Brief: In the entries below, find the line with "THE RUGS Terrain" and the line with "add yourself hanging". Return those two lines and all lines between them, exactly.

Web page caption snippets
>>>>
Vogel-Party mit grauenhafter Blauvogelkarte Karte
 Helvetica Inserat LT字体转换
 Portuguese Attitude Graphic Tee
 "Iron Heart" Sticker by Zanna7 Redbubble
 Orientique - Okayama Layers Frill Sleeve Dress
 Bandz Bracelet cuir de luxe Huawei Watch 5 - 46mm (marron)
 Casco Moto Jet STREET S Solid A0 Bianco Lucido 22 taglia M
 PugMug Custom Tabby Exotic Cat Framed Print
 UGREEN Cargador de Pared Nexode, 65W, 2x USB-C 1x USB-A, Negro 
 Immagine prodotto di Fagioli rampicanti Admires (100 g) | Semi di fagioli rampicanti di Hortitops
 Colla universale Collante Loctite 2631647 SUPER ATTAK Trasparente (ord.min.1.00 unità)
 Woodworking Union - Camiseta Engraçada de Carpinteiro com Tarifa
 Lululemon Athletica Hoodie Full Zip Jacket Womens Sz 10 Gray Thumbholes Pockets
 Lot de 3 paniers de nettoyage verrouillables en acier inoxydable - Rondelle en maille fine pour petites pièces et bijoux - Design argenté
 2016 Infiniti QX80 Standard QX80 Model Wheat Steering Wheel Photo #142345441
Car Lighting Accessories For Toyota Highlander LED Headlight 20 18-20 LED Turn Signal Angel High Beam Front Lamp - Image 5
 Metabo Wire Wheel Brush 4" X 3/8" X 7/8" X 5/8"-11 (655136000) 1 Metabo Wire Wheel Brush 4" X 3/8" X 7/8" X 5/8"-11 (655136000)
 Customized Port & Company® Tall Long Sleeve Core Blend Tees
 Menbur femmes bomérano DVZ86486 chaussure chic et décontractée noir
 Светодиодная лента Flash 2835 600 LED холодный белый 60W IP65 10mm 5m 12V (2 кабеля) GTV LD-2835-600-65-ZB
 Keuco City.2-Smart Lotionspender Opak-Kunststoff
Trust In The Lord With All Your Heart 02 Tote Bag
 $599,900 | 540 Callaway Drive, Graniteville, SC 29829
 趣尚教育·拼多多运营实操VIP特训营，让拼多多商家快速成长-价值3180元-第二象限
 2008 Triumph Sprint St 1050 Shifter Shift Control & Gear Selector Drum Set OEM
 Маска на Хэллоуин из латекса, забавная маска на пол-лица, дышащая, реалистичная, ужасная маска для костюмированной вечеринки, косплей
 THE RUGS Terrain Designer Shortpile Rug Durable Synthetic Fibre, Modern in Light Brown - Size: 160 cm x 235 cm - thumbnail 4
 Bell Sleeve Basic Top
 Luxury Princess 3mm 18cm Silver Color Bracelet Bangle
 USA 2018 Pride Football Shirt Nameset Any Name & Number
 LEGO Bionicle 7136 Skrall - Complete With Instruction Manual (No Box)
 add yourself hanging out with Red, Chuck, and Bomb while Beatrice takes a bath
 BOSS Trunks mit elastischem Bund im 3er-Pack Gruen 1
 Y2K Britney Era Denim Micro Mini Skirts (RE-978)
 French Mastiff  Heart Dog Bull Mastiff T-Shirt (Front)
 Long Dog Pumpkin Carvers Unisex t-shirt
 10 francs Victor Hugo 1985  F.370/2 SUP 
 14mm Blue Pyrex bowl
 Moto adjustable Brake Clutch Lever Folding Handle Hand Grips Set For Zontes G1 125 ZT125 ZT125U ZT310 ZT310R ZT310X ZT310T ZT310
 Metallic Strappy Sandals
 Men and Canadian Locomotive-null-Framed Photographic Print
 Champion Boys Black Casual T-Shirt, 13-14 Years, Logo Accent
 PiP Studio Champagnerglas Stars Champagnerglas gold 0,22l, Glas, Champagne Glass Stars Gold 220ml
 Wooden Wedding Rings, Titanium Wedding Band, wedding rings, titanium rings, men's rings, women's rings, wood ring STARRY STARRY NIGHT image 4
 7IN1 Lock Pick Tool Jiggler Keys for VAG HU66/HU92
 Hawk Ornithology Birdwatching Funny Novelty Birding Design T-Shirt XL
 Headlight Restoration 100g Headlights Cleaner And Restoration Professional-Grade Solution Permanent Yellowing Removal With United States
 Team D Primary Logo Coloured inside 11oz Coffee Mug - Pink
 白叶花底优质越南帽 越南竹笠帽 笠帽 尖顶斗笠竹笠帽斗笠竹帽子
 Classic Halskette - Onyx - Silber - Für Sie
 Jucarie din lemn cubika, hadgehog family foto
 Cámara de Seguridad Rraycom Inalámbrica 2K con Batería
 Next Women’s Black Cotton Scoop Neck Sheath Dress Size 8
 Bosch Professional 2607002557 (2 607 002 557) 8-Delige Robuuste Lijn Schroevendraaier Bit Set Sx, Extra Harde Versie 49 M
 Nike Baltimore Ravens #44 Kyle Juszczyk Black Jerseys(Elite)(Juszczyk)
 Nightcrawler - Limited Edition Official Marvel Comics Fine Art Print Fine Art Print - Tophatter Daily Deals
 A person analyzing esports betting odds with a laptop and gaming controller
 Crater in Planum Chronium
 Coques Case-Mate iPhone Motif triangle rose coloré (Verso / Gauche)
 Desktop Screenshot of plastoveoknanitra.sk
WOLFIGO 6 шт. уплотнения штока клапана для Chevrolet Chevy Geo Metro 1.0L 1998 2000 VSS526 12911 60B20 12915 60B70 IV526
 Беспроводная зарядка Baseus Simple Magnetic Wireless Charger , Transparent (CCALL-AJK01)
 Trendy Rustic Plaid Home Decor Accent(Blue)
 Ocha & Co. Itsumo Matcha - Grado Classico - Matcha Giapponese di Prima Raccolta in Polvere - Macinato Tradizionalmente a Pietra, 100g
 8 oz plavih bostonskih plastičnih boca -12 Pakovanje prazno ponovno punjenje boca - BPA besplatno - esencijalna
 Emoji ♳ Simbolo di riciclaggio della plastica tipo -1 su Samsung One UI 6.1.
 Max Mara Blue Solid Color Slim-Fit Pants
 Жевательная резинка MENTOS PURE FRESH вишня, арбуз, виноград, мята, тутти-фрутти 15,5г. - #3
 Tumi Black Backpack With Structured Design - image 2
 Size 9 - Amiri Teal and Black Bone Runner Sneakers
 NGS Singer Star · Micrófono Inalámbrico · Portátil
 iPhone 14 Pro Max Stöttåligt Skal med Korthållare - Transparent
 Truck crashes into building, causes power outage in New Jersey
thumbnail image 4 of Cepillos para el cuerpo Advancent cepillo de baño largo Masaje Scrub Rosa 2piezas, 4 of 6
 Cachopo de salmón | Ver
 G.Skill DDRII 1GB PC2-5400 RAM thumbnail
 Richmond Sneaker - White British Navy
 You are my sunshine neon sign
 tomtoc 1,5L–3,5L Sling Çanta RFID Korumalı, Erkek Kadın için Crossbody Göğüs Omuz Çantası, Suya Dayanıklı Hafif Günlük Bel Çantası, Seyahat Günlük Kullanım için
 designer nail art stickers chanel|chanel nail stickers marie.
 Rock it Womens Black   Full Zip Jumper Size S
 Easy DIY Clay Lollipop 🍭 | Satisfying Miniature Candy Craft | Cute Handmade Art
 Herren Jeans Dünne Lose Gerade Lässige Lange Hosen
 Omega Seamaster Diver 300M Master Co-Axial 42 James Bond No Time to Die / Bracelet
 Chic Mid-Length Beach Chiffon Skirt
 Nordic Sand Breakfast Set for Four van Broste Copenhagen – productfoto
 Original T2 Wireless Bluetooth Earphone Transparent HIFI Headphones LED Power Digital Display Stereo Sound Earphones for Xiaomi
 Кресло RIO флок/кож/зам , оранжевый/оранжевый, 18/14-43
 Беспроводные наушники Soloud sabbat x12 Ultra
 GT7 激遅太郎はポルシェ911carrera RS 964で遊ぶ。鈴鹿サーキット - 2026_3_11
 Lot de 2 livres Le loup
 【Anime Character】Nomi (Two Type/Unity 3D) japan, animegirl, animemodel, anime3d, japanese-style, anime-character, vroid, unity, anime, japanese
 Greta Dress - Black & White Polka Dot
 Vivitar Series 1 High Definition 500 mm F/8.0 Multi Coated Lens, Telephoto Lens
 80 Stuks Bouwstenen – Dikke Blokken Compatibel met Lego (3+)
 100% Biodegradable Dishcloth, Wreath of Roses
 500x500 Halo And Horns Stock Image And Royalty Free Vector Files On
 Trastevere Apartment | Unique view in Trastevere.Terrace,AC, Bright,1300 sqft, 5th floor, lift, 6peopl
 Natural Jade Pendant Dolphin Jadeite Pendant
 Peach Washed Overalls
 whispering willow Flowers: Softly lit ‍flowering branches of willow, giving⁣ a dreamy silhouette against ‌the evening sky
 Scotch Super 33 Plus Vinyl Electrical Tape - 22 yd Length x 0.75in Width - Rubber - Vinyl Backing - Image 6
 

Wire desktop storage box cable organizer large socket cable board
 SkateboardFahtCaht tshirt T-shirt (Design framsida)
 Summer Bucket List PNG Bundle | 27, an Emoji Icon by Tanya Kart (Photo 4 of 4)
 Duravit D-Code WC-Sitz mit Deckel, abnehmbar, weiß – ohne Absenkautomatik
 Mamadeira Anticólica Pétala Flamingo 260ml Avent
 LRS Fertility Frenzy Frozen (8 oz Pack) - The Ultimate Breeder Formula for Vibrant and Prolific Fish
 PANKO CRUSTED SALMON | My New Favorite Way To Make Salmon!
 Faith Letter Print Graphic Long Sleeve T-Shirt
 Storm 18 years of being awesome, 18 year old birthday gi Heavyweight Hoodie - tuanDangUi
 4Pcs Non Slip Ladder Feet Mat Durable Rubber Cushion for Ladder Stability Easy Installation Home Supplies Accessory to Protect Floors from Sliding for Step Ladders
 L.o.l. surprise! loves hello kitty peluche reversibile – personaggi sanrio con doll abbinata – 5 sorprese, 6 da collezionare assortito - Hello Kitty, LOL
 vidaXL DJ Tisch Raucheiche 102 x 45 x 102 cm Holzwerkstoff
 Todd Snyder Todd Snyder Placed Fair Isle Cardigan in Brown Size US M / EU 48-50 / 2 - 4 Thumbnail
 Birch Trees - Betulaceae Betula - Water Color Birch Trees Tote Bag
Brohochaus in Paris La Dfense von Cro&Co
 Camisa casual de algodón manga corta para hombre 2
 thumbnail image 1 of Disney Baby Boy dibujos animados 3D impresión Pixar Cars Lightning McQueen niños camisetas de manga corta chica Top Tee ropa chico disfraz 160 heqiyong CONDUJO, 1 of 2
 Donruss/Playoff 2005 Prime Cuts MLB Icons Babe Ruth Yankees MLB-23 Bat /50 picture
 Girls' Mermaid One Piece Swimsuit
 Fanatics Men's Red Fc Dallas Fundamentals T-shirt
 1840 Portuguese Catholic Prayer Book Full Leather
<<<<
Reply:
 THE RUGS Terrain Designer Shortpile Rug Durable Synthetic Fibre, Modern in Light Brown - Size: 160 cm x 235 cm - thumbnail 4
 Bell Sleeve Basic Top
 Luxury Princess 3mm 18cm Silver Color Bracelet Bangle
 USA 2018 Pride Football Shirt Nameset Any Name & Number
 LEGO Bionicle 7136 Skrall - Complete With Instruction Manual (No Box)
 add yourself hanging out with Red, Chuck, and Bomb while Beatrice takes a bath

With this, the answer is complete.